Tuesday, October 16, 2018

Figure Flats For Wargaming and RPGs

Like every gamer I like having metal or plastic miniatures on the table when doing grid-based combat1, but am increasing less enthused when it comes to the job of basing them3, prepping them4 and painting them, as this takes time I'd rather use to be playing.

So I've fallen back on an old idea, made new again first by Stephen Jackson (or GURPS fame) and later by several others, of cardboard representations of the figures mounted in some sort of base.

The disadvantages boil down to "not a three dimensional figure" and "can easily blow over if clods abound". The advantages are that the artwork is often superb and large collections can be transported with a fraction of the time and trouble three-d minis cause.

Steve Jackson's Cardboard Heroes were assembled as "tents", so the figures resembled upside-down letter Vs with a base that could be stuck to a coin for heft.

Pathfinder sells collections of high quality thick card "Figure Flats" to match their printed products5 that are sort of like cardboard tombstones in shape. They are designed to slip into a grooved set of jaws of the special bases they sell. These bases are not cheap either, because they are quite complex mouldings made, unless I miss my guess, by injection moulding. Dies represent a hefty investment - they have to be fabricated using machine tools, which is why small companies don't do plastic injection very often.

Precis Intermedia make a series of figures that can be assembled as triangular prisms, flats and counters, and also sell a rather nice base to take the flats. These are the bases I prefer to use as they are much less expensive than the Pathfinder ones and actually grip the thinner card likely to be used to make them. Precis Intremedia actually sell PDFs of these figures for download and print-at-home..

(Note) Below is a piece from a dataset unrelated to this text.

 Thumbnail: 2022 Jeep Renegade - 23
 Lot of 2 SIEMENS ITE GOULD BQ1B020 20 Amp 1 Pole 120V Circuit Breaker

Pinnacle Entertainment Group, the company that puts out my favorite RPG system Savage Worlds also make a range of settings for the basic system, most of which (but not all) also have an available line of figure flats for purchase. These are intended to be assembled as triangular prisms and so have three faces, one of which is a black silhouette and the other two a full-color depiction of whatever it is.

I have extensive collections of both Pinnacle's and Precis Intermedia's product lines, but I prefer the figures to be presented as simple two-sided flats, with a rear and front depiction. I also prefer the figures to be slightly larger than either company chooses to make them so that the detail prints properly on inexpensive home printers that cannot get anywhere near the resolution of a professional printing press. So, to get a usable figure collection I have to do a bit of work.

Job one is to import a page of figures into a program like Photoshop or GIMP so they can be re-engineered. The Pinnacle figures are usually presented in a tight matrix that makes good use of the card available but is not suitable for flats to be mounted in a clip-base. I pick out the figure I want, and carefully extract two of the three panels from the original (one side image and the rear silhouette).

Using the rulers and guides in the graphics program I carefully scale the image appropriately. With Necessary Evil, for example, the PC Villains were scaled to be larger than the NPC aliens, which in turn were scaled up slightly so they would print cleanly. For Deadlands I made the figures, which started life at about 1.25 inches tall (including whitespace) 1.5 inches tall. I then carefully added a half-inch tab to the bottom of the character. This is what got printed, on high quality matte paper.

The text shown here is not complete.